Imagine I walked up to you on the street with my arm outstretched to shake your hand and making direct eye contact with you and smiling. Imagine if the next thing I said or did was to ask you to give me

  • Your name
  • Your credit card or bank details
  • Your mobile phone number
  • Your home address
  • Your email address
  • A copy of your signature

and a range of other personal data. Which I wrote down on a piece of paper and stuck in my bag before thanking you and walking off.

Chances are I wouldn’t get very far in gathering that information. Your natural sense of risk would (or should) kick in. Chances are you’d call the police on me.

But imagine that scenario again with one small change. I’m wearing a polyester jacket with the logo of a charity on it and I’ve got an ID badge hung around my neck and a backpack. What would you do then? Hey, I’m collecting for a charity.

I am a charitable person. I like to support good causes and I like to contribute as much as I can when ever I can to such causes. But I’d say no to me because  of my personal sense of Information risk.

Others base their dislike of Chuggers (Charity Muggers) on the methods that some use to get people to sign up, methods which are often the result of the commission or quota based systems that some of these people work under (and I’ve content elsewhere about why quotas are a BAD idea in the delivery of quality service). Of course, these are methods which charities who use this means of fundraising disavow all knowledge of and disown completely, but which I have witnessed.

My avoidance of chuggers is based simply on good Information Security practice. I don’t like the idea of my data being in a bag around someone’s neck or a plastic zip-lock folder, in a public place.  From a Data Protection of view I’d rather not have to have a real-world test of the compliance of the organisations that run these collection methods with things like the Data Security Breach Code of Practice or the requirement under S2 of the Data Protection Acts to take reasonable and appropriate steps to ensure the security of personal data. Particularly not with my data. The data that is obtained by Chuggers is Personal Data within the meaning of the legislation as it is data that has been obtained with the intention of processing it electronically or of filing it in a relevant filing system, ergo it needs to be treated with care.

I’ve advised clients in the non-profit sector of the potential for brand damage arising from something as simple as one of their Chuggers being mugged and their bag being stolen… or to put it another way: the temporary storage location of an array of personal data. I’m not saying don’t use the method. What I’m saying is your controls need to be very tight.
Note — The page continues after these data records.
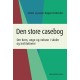 Den store casebog: Om børn, unge og voksne i skoler og institutioner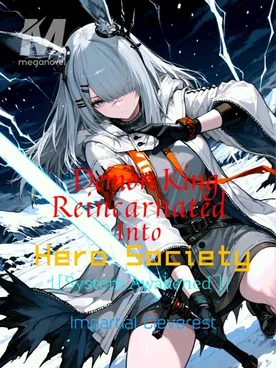 Demon King Reincarnated Into Hero Society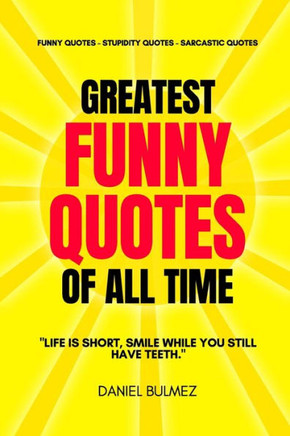Greatest Funny Quotes Of All Time: Funny Quotes - Stupidity Quotes - Sarcastic Quotes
Among the controls that need to be in place is appropriate training for staff on Data Protection. I’m not sure if such training is happening as many of the techniques I’ve seen or heard of being used to get people to stop could actually be construed as being contrary to the requirement for consent to processing of data to be freely given. That said, a volunteer for one charity came on a Data Protection course I taught a few years back and they stopped using chuggers afterwards.

If the UK experience is anything to go by, my risk aversion is justified. The ICO there has investigated charities for loss of data. It is inevitable that similar will happen here, if it hasn’t already (but if it has I can’t find a reference to it on the Data Protection Commissioner’s website). The root cause in the UK case I link to was a lack of training and awareness that lead to a loss of data.

So how should your chugger experience go? Well, first of all you should know what happens to all this information you have just given them. The chugger is meant to either give you a data protection statement to read or explain to you who will be processing (using) your information, who they will share it with and also give you the chance to say you do not want them to pass it on to anyone else. They should also make sure that once you have signed the form to agree to what you want to do, the form is kept safe and secure, rather than what normally happens where they add it to some others in a plastic folder or clipboard they are holding.

My advice to anyone accosted by a chugger is: if you can’t get away, ask politely for a copy of the charity’s form for you to fill in at your leisure. If they don’t give it to you take their name from their ID badge and report them to their Charity and if the Charity doesn’t take it seriously report it to the Data Protection Commissioner. (If they don’t have an ID badge, assume they are not representing a charity and you’re about to be mugged – react accordingly).

My advice to any Chugger who is careless with their folder or is mugged for their bag… notify your Charity immediately. The Charity should notify the Gardaí as well and make sure they know that there was personal and financial data stolen/mislaid. The charity should also notify the Data Protection Commissioner. As the paper work will not have been processed you won’t be able to notify the Data Subjects directly (as is required under the Code of Practice) so they will likely have to put out a public statement about the loss of data to alert people who have given their details to the risk of identity theft.

Personally, I make my donations either on-line (and I look for PCI compliant payment processors and HTTPS security on the donation page) or over the phone. I have never and will never donate to a charity by means of a chugger, and when faced with a choice I will opt for a charity that doesn’t use them.

1 thought on “Chuggers (and why I’m not a fan of them)”

  1. Thanks for this article. It’s not something I’d ever considered before but you make some very good points. I don’t think I would ever have thought of asking a ‘Chugger’ to give me the form in order to be able to fill it out at my own leisure and at the same time avoid any danger of identity theft.

    That said I am more likely to say no straight off to a ‘Chugger’. I tend to donate online only now – although once I had signed up with a ‘Chugger’, possibly for Oxfam – but that was a long long time ago.